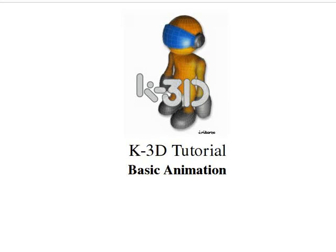Welcome to this K3D tutorial. I'll show you the basic animation stuff of K3D.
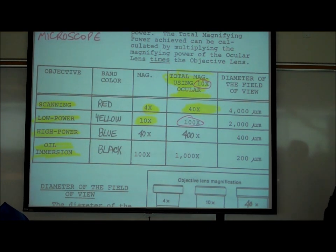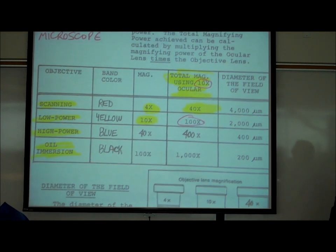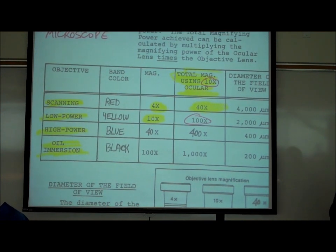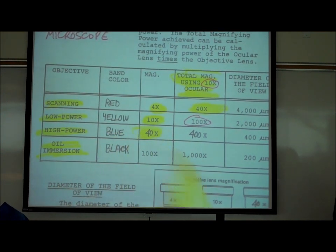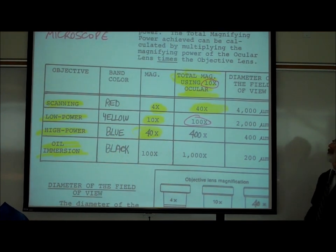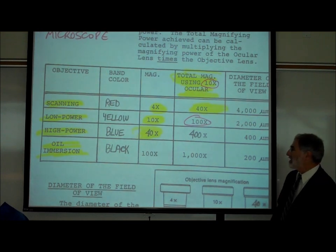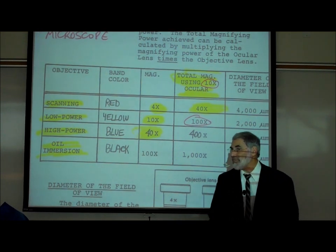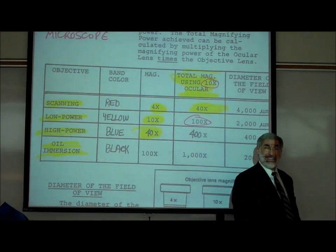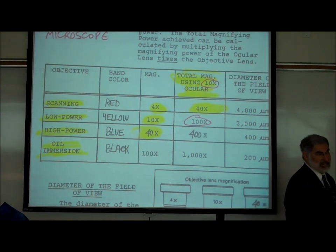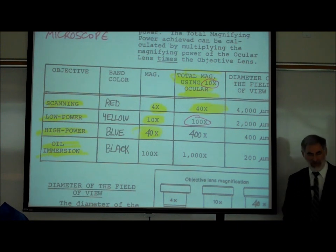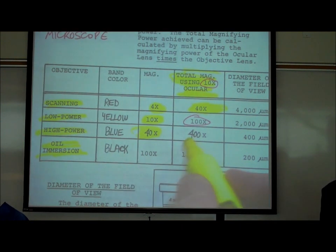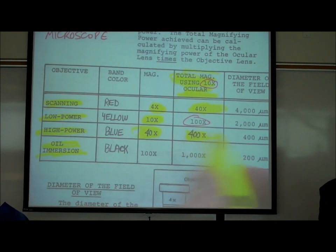Clicking in the next longer lens — the one with the blue band — which has the number 40 written on it, increases your total magnification to 400x.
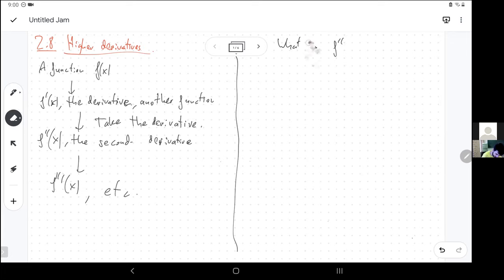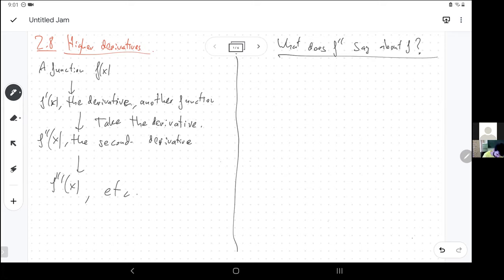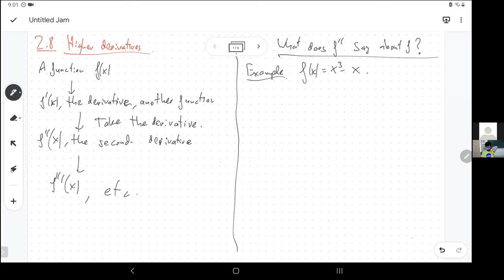So what is the second derivative telling us? What does f double-prime say about f? Let's do an example. I like the example in the book: x cubed minus x. Let's take the derivative and then the second derivative.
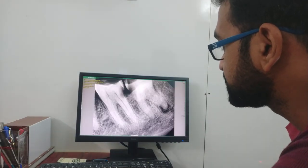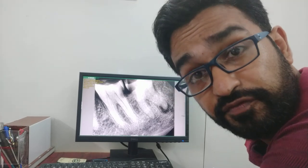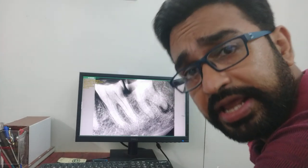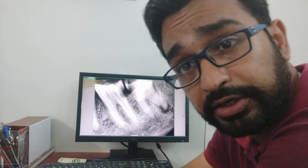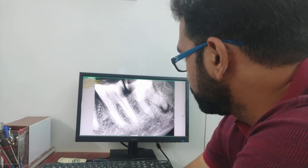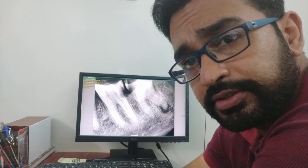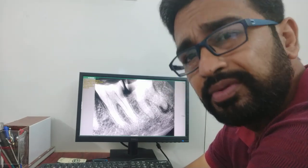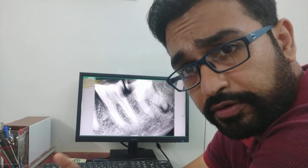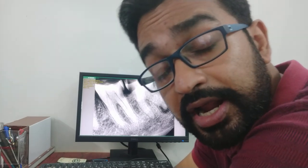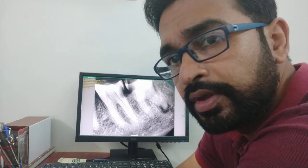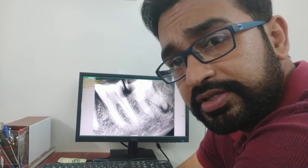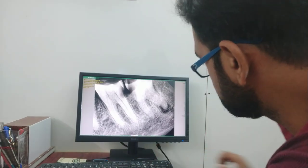I chose this case because the patient came with severe pain in the 38 region — the left lower back tooth region. When she came to my clinic, she was around 65 years of age and had only hypertension. What is important here is the periapical lesion you can see here.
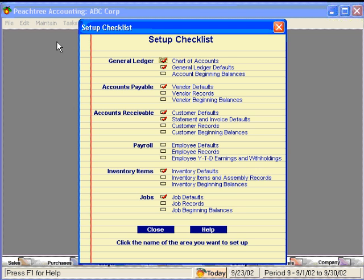Let's talk about the setup checklist. Peachtree brought us to the setup checklist after we completed the new company setup wizard. You'll notice that some of these items are already checked, and that's because Peachtree covered these items with us during the new company setup.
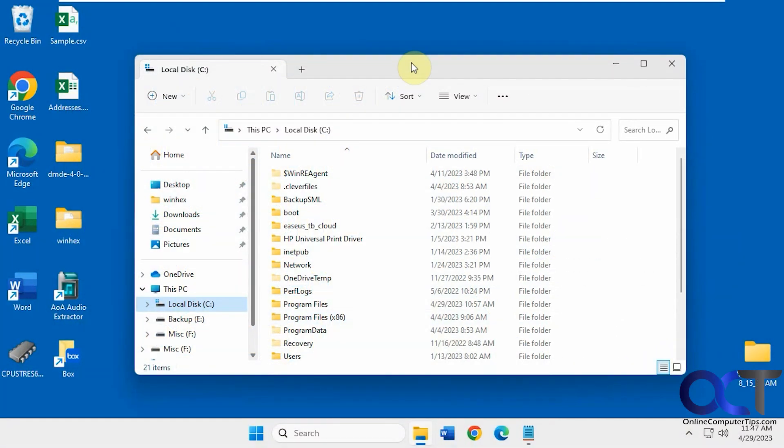Hi, in this video we're going to show you how to clear the dirty bit on a drive in Windows. That's used to show that the drive is in an inconsistent state.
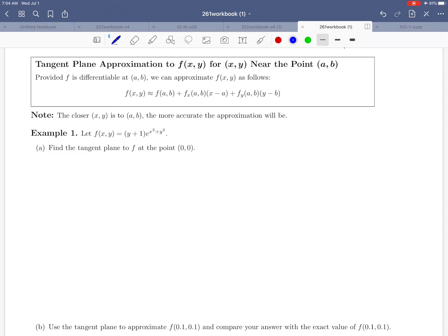Hello everybody and welcome to example one. We're still looking at page 34 of the workbook, and this is going to be our first example of actually calculating the equation of a tangent plane and using it to approximate a function. Before we dive into this, I want to make it clear that the formula for a tangent plane is actually contained up here — let's just remind ourselves of that.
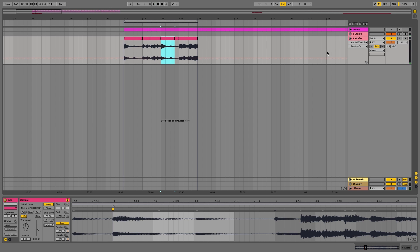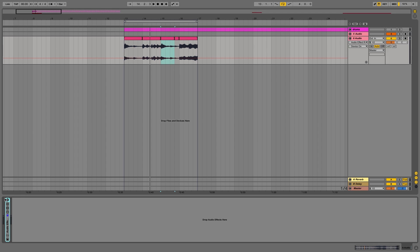That's it — that's how I chop my samples in Ableton. And this is how it sounds when I add some drums and some effects.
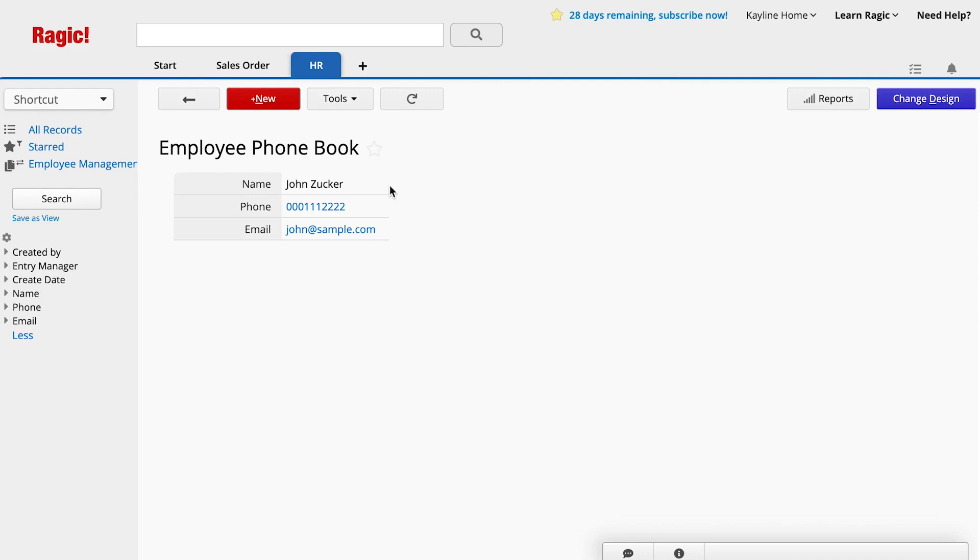If you don't want employees to have editing or viewing rights in the Employee Management sheet, you can configure different access rights by editing and viewing on each sheet.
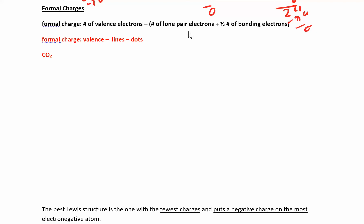Now that we're experts at drawing Lewis structures, we can look at an issue where sometimes you can draw a Lewis structure two different ways but you get different sets of something called formal charge. One molecule is going to be better and more favorable than another, and you have to be able to figure out why that is.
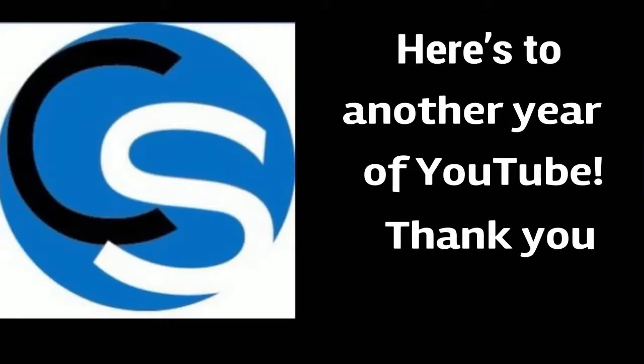Hey guys, ChrisS27 here. I just want to apologize that there's no big four-year video. It's been four years on YouTube.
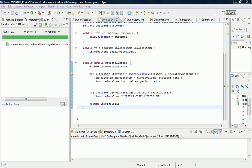And now we've got a message chain here: customer, get address, get country, is in Europe. You don't need to worry too much about what this code is doing.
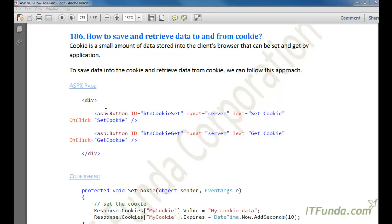In this how-to, we are going to learn how to save data to and from a cookie. Before we proceed further, let us try to understand what a cookie is. A cookie is basically a small amount of data stored in the client browser that can be set and retrieved by the web application or website.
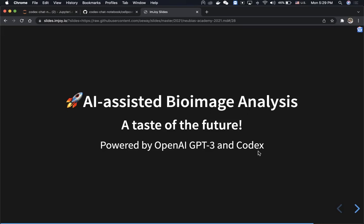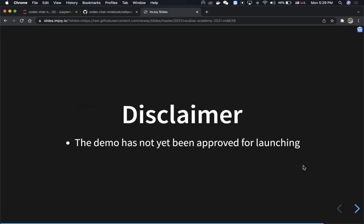In this case, we're going to show you a tool we made on top of Codex. It can take English instructions and generate Python code for performing bioimage analysis tasks, for example segmentation or feature extraction. Hopefully this will give you a taste of the future. As a disclaimer, this demo has not yet been approved by OpenAI for launching, and this video has been recorded offline.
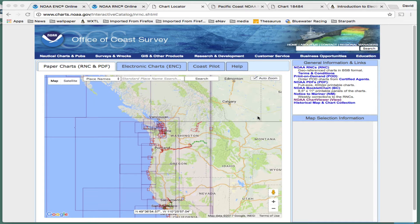Hello, this is David Birch at StarPath School of Navigation in Seattle with notes on one remarkable service offered by NOAA. We'll start out and take a quick look at some things that are maybe more familiar, and then move on to this one viewer of electronic charts that may not be so familiar to folks.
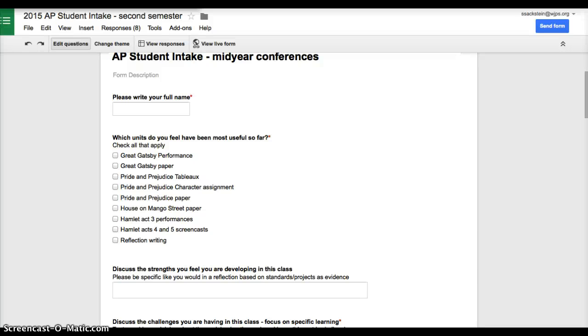We all agree that gathering data is a really important part of how we teach our classes and how we help the kids understand what they're learning. One really easy way to gather data instead of walking around with your clipboard is using Google Forms.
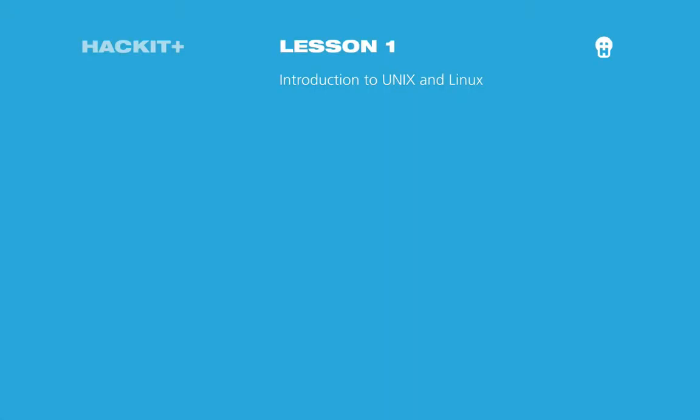Welcome to Hack It Plus. This video is an introduction to Unix and Linux. By the end of this lesson, we will have a good idea about what Unix and Linux are and we will be able to install Linux.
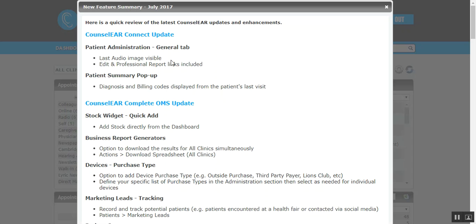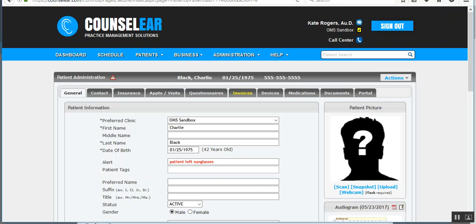So in the patient's administration screen, there's now an image where you can see the patient's last audiogram, along with links to edit and view the professional report. There's also an option to view the diagnosis and billing codes via the patient summary pop-up. So let's have a quick look at those first.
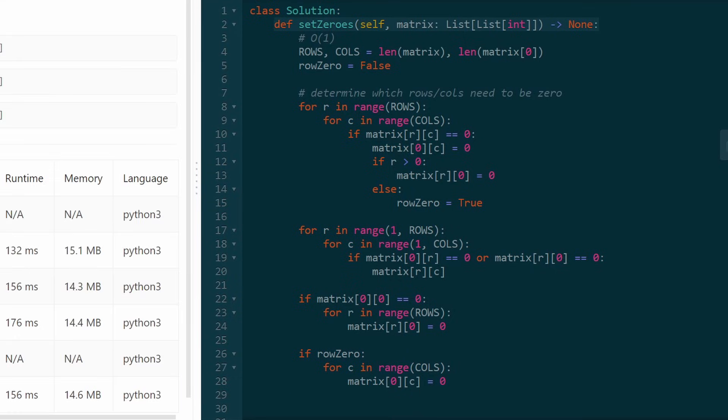One correction — don't forget to set that cell to zero. I don't know why I left that line of code unfinished.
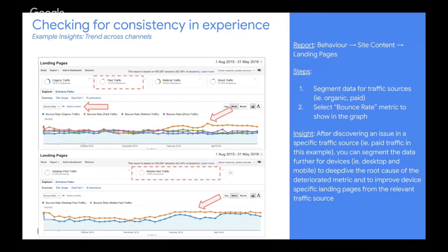You could also switch up the segments based on what are the most important traffic sources for your business. What we are looking at in the first screenshot is the bounce rate — to narrow down which traffic source has the highest bounce rate or is out of the norm. In the second screenshot, we have chosen that narrowed-down traffic source — desktop paid traffic — and compared it with mobile paid traffic. We see the differential is again coming from mobile experience. Once you discover an issue in a specific traffic source, you can try to provide a unique value proposition depending on which source users come from.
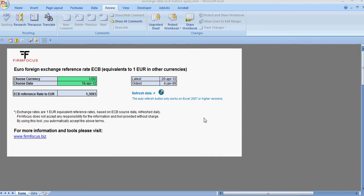Welcome, this is a quick presentation of the Excel exchange rate tool. The tool provides you with daily updated European Central Bank reference rates. Rates are presented as equivalents of one euro in different foreign currencies.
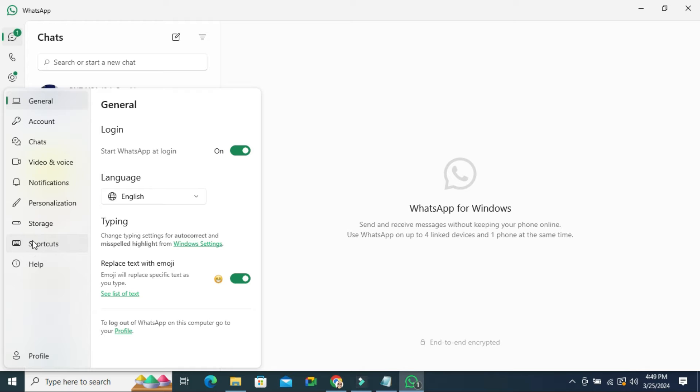And here you will find an option personalization. Click on personalization.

---+---

◆ **INSTRUCTIONS TO FOLLOW**
An exact printout of the listing is needed, minus any pictures it contains.

◆ **YOUR SOLUTION**
Welcome to this K3D tutorial. I'll show you the basic animation stuff of K3D.
Clicking in the next longer lens — the one with the blue band — which has the number 40 written on it, increases your total magnification to 400x.
So what is the second derivative telling us? What does f double-prime say about f? Let's do an example. I like the example in the book: x cubed minus x. Let's take the derivative and then the second derivative.
I chose this case because the patient came with severe pain in the 38 region — the left lower back tooth region. When she came to my clinic, she was around 65 years of age and had only hypertension. What is important here is the periapical lesion you can see here.
Let's talk about the setup checklist. Peachtree brought us to the setup checklist after we completed the new company setup wizard. You'll notice that some of these items are already checked, and that's because Peachtree covered these items with us during the new company setup.
Hi, in this video we're going to show you how to clear the dirty bit on a drive in Windows. That's used to show that the drive is in an inconsistent state.
Hello everybody and welcome to example one. We're still looking at page 34 of the workbook, and this is going to be our first example of actually calculating the equation of a tangent plane and using it to approximate a function. Before we dive into this, I want to make it clear that the formula for a tangent plane is actually contained up here — let's just remind ourselves of that.
That's it — that's how I chop my samples in Ableton. And this is how it sounds when I add some drums and some effects.
If you don't want employees to have editing or viewing rights in the Employee Management sheet, you can configure different access rights by editing and viewing on each sheet.
Now that we're experts at drawing Lewis structures, we can look at an issue where sometimes you can draw a Lewis structure two different ways but you get different sets of something called formal charge. One molecule is going to be better and more favorable than another, and you have to be able to figure out why that is.
Hey guys, ChrisS27 here. I just want to apologize that there's no big four-year video. It's been four years on YouTube.
And now we've got a message chain here: customer, get address, get country, is in Europe. You don't need to worry too much about what this code is doing.
In this how-to, we are going to learn how to save data to and from a cookie. Before we proceed further, let us try to understand what a cookie is. A cookie is basically a small amount of data stored in the client browser that can be set and retrieved by the web application or website.
In this case, we're going to show you a tool we made on top of Codex. It can take English instructions and generate Python code for performing bioimage analysis tasks, for example segmentation or feature extraction. Hopefully this will give you a taste of the future. As a disclaimer, this demo has not yet been approved by OpenAI for launching, and this video has been recorded offline.
Hello, this is David Birch at StarPath School of Navigation in Seattle with notes on one remarkable service offered by NOAA. We'll start out and take a quick look at some things that are maybe more familiar, and then move on to this one viewer of electronic charts that may not be so familiar to folks.
We all agree that gathering data is a really important part of how we teach our classes and how we help the kids understand what they're learning. One really easy way to gather data instead of walking around with your clipboard is using Google Forms.
Welcome to Hack It Plus. This video is an introduction to Unix and Linux. By the end of this lesson, we will have a good idea about what Unix and Linux are and we will be able to install Linux.
So in the patient's administration screen, there's now an image where you can see the patient's last audiogram, along with links to edit and view the professional report. There's also an option to view the diagnosis and billing codes via the patient summary pop-up. So let's have a quick look at those first.
One correction — don't forget to set that cell to zero. I don't know why I left that line of code unfinished.
You could also switch up the segments based on what are the most important traffic sources for your business. What we are looking at in the first screenshot is the bounce rate — to narrow down which traffic source has the highest bounce rate or is out of the norm. In the second screenshot, we have chosen that narrowed-down traffic source — desktop paid traffic — and compared it with mobile paid traffic. We see the differential is again coming from mobile experience. Once you discover an issue in a specific traffic source, you can try to provide a unique value proposition depending on which source users come from.
Welcome, this is a quick presentation of the Excel exchange rate tool. The tool provides you with daily updated European Central Bank reference rates. Rates are presented as equivalents of one euro in different foreign currencies.
And here you will find an option personalization. Click on personalization.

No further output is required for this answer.